Phase separation—the spontaneous separation of two initially mixed fluids—is one of the most fascinating aspects of immiscible lattice-gas mixtures. As we have already seen in Chapters 9, 11, and 12, phase separation occurs as a result of a phase transition in lattice-gas models. Though the resulting phase-separation dynamics can be quite dramatic, the transition itself can be difficult to describe. In particular, non-equilibrium aspects of lattice-gas phase transitions remain to be fully addressed.

Using a combination of theoretical arguments and numerical simulation, we focus in this chapter on the characterization of phase separation in lattice gases. We begin with a brief review of a classical model of phase separation.
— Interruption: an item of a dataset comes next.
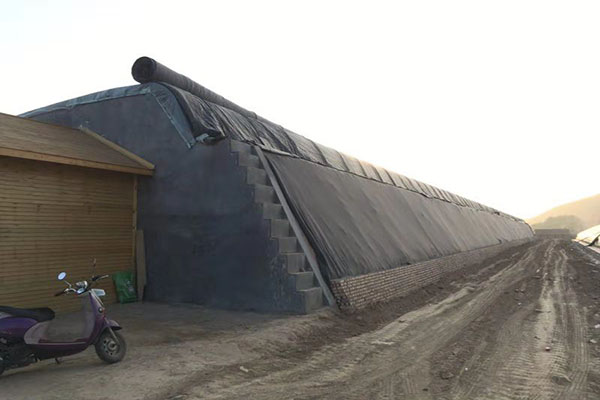 無土栽培,無土栽培技術(shù),無土栽培設(shè)備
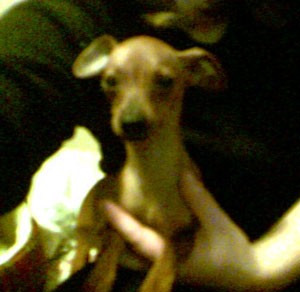 Min Pin or Chihuahua Mix?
Then, focusing on the specific case of the immiscible lattice-gas (ILG) models of Chapters 9 and 11, we detail some of the ways in which our discrete models have been shown thus far to qualitatively (and sometimes quantitatively) reproduce the non-equilibrium evolution of real phase separation.

Phase separation in the real world

Phase separation occurs when the mixed state of a mixture is unstable, so that its components spontaneously segregate into bulk phases composed primarily of one species or the other. If the instability results from a finite, localized perturbation of concentration in the mixture, it is known as nucleation. If instead the perturbation is infinitesimal in amplitude, not localized, and of sufficiently long wavelength, the instability is known as spinodal decomposition.